[Description of the task] Word for word, copy the entire listing below, but do not carry over any pictures.

╭─ Recorded data

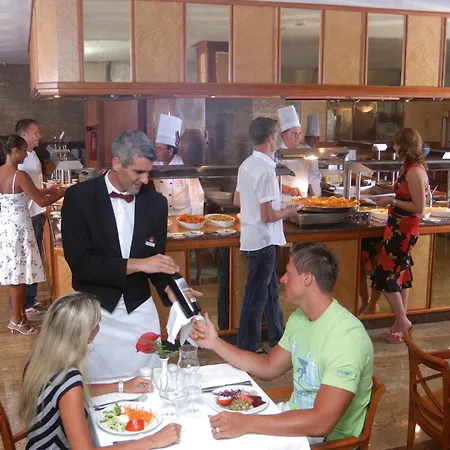 Riu Palace Palmeras Playa del Inglés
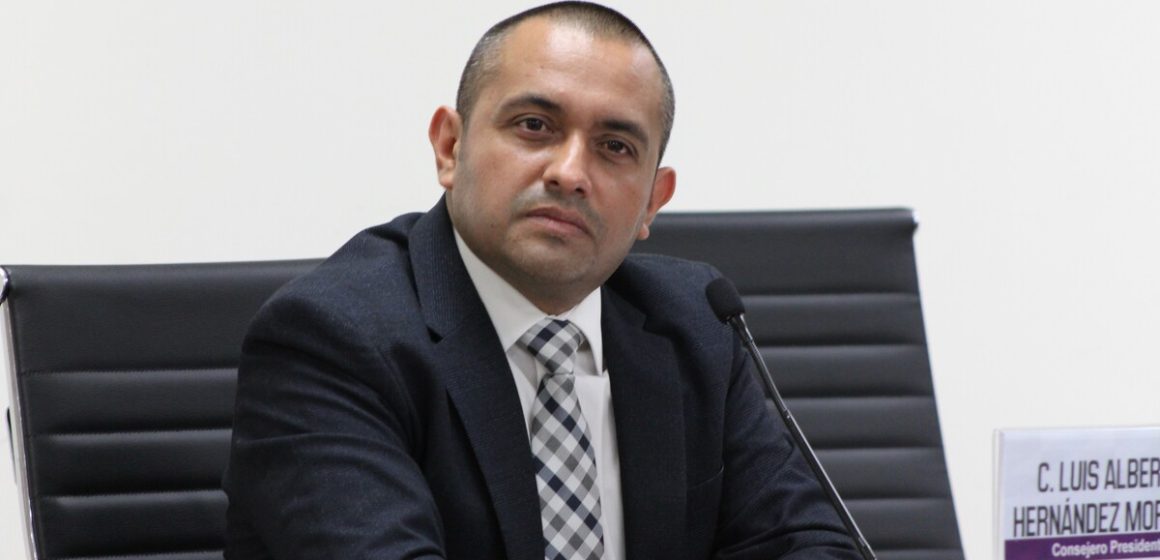 IEEBC advierte que la revocación de mandato en Baja California no operará antes de 2033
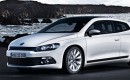 Update: High-res VW Scirocco images leak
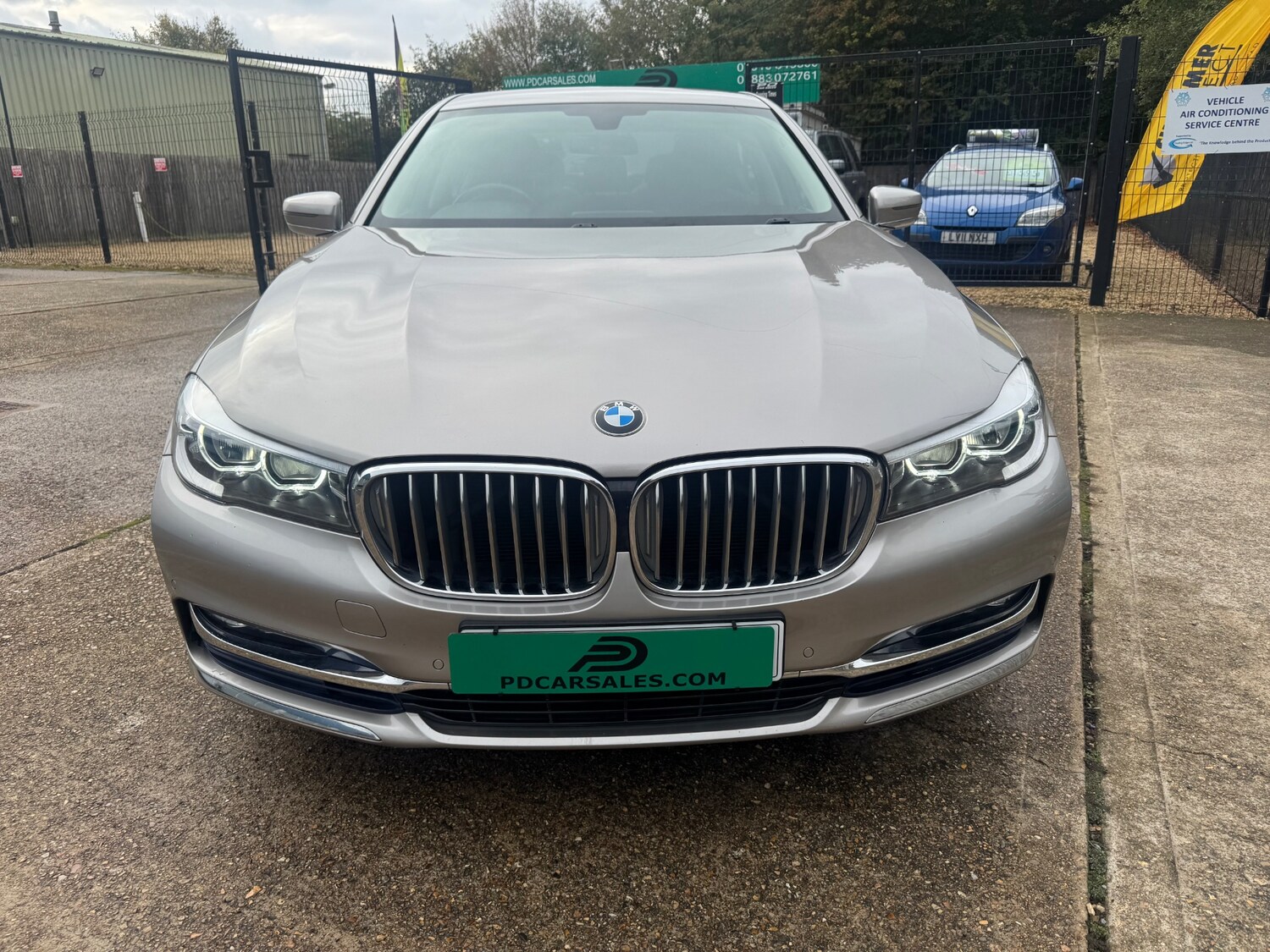 Used BMW 7 Series 2017 for sale - 75765863: Photo 20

╰─

[Result of the exercise]
 Riu Palace Palmeras Playa del Inglés
 IEEBC advierte que la revocación de mandato en Baja California no operará antes de 2033
 Update: High-res VW Scirocco images leak
 Used BMW 7 Series 2017 for sale - 75765863: Photo 20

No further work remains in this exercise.